Using the records below, find every line that includes "left" and copy it.

[Opening THE DATA section]

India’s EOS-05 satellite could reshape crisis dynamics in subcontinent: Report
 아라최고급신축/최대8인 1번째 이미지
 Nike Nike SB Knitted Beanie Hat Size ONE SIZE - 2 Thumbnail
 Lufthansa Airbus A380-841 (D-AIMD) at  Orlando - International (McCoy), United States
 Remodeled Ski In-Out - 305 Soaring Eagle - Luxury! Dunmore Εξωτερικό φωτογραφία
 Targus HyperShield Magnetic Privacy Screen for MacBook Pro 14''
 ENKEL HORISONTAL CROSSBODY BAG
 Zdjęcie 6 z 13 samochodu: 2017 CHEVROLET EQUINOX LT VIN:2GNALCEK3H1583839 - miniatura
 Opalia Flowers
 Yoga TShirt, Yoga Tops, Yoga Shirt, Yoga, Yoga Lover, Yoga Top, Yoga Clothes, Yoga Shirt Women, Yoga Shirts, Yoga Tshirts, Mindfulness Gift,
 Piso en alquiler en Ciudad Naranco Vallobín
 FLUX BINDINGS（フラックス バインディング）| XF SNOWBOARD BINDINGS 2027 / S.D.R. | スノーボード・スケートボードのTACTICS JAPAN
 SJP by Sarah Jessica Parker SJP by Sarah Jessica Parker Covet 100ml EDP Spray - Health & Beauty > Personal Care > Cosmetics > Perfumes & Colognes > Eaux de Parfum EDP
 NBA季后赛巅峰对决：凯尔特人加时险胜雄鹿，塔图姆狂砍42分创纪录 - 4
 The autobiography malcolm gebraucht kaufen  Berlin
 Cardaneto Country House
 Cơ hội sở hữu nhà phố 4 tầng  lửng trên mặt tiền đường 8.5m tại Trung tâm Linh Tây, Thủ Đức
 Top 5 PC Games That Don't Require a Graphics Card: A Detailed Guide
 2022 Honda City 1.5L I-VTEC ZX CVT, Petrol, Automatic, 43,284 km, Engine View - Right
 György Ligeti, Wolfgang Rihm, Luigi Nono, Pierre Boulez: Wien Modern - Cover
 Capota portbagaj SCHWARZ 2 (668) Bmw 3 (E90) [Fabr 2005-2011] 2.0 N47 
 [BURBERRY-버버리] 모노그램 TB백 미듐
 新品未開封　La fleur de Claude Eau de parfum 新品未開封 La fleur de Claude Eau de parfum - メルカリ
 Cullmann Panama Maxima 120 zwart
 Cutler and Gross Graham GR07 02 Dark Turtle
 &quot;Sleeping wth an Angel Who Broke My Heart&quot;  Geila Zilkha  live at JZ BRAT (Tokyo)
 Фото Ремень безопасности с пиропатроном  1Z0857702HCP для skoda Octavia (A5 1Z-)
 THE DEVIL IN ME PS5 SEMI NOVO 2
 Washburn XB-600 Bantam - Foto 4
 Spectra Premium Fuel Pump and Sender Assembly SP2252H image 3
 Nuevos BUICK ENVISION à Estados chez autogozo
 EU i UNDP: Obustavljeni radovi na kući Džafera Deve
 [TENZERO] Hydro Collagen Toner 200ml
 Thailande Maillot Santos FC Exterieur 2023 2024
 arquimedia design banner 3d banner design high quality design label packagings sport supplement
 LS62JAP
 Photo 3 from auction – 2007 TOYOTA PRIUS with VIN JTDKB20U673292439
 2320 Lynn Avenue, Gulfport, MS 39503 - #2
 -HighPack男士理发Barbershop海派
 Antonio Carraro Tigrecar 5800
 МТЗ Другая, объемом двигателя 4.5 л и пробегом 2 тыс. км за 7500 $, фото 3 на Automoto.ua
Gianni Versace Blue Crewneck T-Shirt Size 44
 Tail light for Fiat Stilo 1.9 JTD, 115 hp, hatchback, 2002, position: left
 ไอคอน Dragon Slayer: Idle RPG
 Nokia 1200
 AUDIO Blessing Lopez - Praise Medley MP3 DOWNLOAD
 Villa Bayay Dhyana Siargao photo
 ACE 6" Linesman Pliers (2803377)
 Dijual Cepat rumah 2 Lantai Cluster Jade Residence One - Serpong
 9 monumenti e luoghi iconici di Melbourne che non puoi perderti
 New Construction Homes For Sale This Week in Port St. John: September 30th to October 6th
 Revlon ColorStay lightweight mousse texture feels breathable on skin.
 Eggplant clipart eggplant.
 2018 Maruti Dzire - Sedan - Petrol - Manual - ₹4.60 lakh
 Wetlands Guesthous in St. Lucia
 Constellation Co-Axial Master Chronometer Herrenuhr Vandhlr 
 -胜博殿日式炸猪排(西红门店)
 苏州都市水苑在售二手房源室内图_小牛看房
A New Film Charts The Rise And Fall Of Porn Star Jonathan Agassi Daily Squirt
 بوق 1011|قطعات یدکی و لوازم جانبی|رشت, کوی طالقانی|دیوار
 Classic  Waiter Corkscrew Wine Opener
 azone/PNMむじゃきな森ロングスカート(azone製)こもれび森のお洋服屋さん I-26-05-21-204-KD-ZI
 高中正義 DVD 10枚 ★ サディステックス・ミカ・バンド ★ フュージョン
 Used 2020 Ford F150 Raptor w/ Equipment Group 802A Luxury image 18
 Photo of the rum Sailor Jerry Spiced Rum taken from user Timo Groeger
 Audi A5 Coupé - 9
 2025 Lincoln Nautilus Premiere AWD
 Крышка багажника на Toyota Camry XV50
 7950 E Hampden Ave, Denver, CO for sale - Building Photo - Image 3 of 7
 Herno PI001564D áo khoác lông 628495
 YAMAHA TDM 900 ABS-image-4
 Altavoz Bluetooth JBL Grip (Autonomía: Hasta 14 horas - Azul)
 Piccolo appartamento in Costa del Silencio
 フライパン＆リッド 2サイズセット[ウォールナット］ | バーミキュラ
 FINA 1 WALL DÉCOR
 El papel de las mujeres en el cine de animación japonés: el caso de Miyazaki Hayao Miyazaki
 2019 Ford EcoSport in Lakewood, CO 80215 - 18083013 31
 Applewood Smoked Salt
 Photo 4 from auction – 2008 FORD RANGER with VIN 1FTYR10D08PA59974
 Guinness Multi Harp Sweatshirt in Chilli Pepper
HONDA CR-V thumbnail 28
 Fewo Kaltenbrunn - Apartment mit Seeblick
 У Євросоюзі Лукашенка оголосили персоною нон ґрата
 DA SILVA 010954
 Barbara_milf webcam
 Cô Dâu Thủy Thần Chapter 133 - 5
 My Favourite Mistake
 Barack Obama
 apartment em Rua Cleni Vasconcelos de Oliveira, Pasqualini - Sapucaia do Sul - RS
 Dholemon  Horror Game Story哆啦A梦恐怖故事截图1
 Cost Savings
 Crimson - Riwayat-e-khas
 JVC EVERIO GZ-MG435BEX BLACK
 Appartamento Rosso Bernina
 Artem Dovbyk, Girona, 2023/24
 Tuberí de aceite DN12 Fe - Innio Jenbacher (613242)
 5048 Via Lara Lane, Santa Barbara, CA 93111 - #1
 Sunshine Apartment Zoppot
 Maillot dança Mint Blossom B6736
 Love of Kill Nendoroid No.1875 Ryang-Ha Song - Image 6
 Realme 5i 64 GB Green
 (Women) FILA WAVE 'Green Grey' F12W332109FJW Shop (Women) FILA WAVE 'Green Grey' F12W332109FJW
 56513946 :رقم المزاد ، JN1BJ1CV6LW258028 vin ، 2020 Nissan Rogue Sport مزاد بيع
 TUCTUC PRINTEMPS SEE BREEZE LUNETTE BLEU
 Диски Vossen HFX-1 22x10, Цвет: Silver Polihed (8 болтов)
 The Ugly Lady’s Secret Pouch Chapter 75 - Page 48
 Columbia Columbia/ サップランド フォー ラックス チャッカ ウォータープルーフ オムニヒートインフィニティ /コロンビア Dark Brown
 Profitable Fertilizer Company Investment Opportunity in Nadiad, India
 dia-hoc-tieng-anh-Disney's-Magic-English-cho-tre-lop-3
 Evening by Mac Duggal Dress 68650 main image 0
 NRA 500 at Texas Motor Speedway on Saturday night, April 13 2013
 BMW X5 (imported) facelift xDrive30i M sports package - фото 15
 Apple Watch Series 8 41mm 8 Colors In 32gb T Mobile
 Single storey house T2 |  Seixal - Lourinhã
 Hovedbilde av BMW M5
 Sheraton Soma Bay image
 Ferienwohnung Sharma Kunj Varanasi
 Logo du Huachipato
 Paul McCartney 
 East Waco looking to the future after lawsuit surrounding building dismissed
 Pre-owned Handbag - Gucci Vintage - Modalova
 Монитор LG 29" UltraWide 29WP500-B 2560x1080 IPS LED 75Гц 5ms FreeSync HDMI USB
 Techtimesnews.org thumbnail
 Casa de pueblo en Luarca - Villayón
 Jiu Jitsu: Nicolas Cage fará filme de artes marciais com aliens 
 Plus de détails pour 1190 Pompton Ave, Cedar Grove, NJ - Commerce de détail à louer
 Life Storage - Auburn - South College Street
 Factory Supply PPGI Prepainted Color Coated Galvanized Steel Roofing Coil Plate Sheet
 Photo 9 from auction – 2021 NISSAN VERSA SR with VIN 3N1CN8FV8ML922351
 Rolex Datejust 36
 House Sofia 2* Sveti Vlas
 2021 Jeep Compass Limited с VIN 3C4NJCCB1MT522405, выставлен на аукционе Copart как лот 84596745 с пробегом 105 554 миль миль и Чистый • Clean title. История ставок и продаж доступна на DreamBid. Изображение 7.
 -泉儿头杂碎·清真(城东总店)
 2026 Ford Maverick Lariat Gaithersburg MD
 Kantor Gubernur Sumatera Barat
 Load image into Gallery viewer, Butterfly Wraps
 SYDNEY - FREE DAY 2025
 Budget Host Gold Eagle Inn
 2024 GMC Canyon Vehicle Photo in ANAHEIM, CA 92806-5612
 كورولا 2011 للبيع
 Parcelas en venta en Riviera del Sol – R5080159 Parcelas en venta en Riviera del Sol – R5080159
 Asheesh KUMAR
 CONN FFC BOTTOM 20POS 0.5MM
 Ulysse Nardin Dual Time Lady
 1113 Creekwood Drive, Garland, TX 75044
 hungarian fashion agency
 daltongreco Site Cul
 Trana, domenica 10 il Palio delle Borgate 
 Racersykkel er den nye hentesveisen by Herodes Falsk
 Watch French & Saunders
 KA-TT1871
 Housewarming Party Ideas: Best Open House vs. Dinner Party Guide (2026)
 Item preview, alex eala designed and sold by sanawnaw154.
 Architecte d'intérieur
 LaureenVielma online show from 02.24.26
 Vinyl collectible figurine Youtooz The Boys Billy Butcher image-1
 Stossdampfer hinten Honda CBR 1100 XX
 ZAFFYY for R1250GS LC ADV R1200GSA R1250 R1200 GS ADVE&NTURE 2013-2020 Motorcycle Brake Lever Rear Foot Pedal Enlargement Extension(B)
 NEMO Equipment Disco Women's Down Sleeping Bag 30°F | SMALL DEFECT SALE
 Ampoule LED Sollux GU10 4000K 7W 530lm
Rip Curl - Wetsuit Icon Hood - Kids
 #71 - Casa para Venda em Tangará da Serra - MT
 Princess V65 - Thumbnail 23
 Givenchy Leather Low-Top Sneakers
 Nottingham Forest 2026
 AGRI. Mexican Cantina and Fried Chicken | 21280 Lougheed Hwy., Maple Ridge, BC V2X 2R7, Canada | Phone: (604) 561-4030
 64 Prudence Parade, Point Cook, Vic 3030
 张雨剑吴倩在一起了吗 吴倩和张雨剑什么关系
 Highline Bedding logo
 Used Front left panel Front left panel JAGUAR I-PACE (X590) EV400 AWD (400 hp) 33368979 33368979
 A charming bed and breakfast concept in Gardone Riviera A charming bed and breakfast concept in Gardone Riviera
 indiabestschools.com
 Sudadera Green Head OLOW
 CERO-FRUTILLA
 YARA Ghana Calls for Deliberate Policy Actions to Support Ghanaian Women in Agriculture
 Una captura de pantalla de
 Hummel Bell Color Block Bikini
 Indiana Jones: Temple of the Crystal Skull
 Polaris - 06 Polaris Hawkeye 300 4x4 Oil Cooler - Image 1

[Closing THE DATA section]

TASK OUTPUT
 Tail light for Fiat Stilo 1.9 JTD, 115 hp, hatchback, 2002, position: left
 Used Front left panel Front left panel JAGUAR I-PACE (X590) EV400 AWD (400 hp) 33368979 33368979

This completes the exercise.